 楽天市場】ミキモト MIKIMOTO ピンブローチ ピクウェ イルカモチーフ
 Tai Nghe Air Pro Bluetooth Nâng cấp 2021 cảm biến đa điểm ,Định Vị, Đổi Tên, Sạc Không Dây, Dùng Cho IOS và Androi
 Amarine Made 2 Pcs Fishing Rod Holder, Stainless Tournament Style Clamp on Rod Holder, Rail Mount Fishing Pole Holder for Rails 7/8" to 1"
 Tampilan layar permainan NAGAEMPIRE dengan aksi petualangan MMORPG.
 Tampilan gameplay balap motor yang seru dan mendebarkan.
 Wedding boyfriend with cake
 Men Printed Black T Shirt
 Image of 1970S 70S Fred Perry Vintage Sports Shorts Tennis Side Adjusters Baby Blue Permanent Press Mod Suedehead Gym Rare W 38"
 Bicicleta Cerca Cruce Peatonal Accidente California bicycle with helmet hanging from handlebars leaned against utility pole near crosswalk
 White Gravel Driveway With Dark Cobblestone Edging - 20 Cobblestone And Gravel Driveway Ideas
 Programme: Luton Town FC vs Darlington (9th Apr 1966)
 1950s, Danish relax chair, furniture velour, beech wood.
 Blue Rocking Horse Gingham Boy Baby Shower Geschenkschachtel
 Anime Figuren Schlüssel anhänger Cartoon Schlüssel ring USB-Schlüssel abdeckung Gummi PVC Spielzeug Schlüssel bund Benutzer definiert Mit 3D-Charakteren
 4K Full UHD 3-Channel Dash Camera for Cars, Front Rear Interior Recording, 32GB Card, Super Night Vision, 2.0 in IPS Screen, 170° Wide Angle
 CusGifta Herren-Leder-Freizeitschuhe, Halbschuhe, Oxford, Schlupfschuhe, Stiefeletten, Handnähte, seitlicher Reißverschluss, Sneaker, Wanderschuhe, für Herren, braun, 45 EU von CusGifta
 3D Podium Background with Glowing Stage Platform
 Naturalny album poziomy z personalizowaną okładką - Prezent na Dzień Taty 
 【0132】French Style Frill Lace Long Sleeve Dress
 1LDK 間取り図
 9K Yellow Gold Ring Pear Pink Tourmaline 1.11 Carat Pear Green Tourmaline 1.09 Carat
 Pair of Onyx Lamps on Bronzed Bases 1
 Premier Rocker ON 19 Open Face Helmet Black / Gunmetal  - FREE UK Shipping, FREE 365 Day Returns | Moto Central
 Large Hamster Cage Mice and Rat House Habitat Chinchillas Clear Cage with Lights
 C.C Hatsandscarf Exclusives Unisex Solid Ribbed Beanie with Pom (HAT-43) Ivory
========================================================================
Task goal —
Both end lines included, restate word for word the lines above from the line with "EU von CusGifta" to the line with "Naturalny album poziomy", and nothing else.

Exercise output —
 CusGifta Herren-Leder-Freizeitschuhe, Halbschuhe, Oxford, Schlupfschuhe, Stiefeletten, Handnähte, seitlicher Reißverschluss, Sneaker, Wanderschuhe, für Herren, braun, 45 EU von CusGifta
 3D Podium Background with Glowing Stage Platform
 Naturalny album poziomy z personalizowaną okładką - Prezent na Dzień Taty 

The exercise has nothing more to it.